Mint Songs Ceases Operations
Crypto Winter is cold blooded and vicious. Businesses come and go. This was the one that I personally engaged with the most, and now it's gone. But I see two clear lessons from this experiment.
In January, I think I checked Mint Songs on a weekly basis, at least. Fast forward to October 5th, and I’m just now learning the company ceased operations… in mid-September. I figured this out when I wanted to go look for some new music for the first time in weeks. Typing in the URL sent me to Mint Songs’ Opensea collection. Hmmm, odd. So I went to Twitter and found this:
There wasn’t much warning and there isn’t much of an explanation in the letter. But one of the founders did respond to a question on Twitter and just simply said they could never manage to create a sustainable business model that worked.
Fundamental Issues
What was the business? It was essentially a marketplace - and marketplaces are really hard to do right especially in such an experimental asset space like NFTs. For Mint Songs, this was a massive undertaking because the company had to have essentially started as an idea; musicians and fans transacting without middlemen. The problem is Mint Songs was fundamentally a middleman. And a middleman that tasked itself with educating both the musicians and the fans about blockchain is a fish swimming against the current.
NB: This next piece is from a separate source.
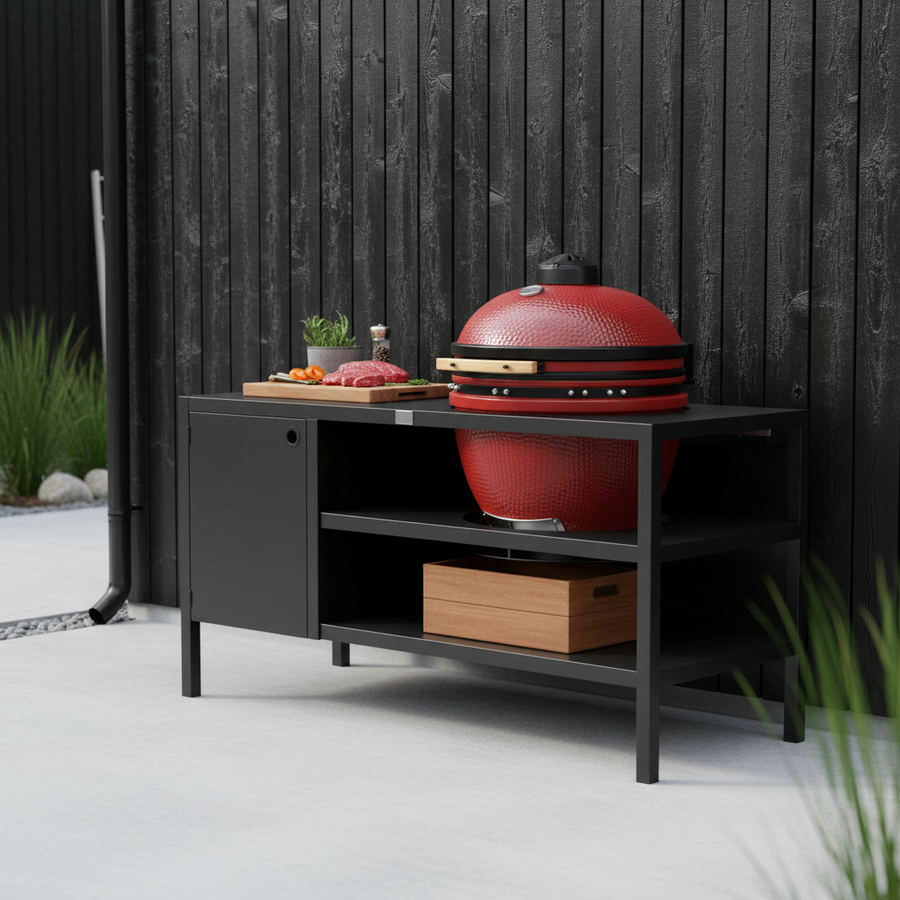 UMAMI Außenküche Modul 3 für Kamado + Kamado BONO Limited, schwarz / rot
Perhaps the model can work when times are good but not when times are rough. And right now times are rough; particularly in crypto. Obviously, I personally stopped buying music NFTs through Mint Songs. There are two main reasons for that:
The markets are all getting crushed and we’re experiencing a reverse wealth effect, so I’m personally tightening my belt
Mint Songs changed from no curation to more of a curation model and I lost interest in the main site
What originally made Mint Songs so much fun to me was that it was the Wild West of music NFTs. As I detailed in my music NFT coverage earlier this year, competitors Catalog and Sound.xyz went with the higher asking price, highly curated approach while Mint Songs just made a marketplace and let people do what they wanted. Got a song? Throw it up there and ask for whatever you want. Artists decided price and supply figures. The listeners voted with their ETH. It was the freest market in music NFTs by far.
As someone who has spent years curating music for a radio audience, I felt like I had an edge in a totally free market and thoroughly enjoyed discovering musicians that I never would have heard if it were not for Mint Songs. Many of these artists I still listen to on a regular basis:
Dom Deshawn
X&ND
Ayotemi
Yatte
Xeon Bell
I had the pleasure of even chatting with Dom Deshawn earlier this year. And I’m thrilled to see that this news doesn’t appear to have impacted his drive for success as his offerings are diversified among the various platforms. I’m still rooting for that man in a big way.
The Market Has Been Hammered
There is no doubt in my mind Mint Songs struggled because of the general crash in NFT sales. According to CryptoSlam, total NFT sales closed September at $507 million - while still an absurdly high number in the eyes of many, that’s a 90% decline from the $4.7 billion in January.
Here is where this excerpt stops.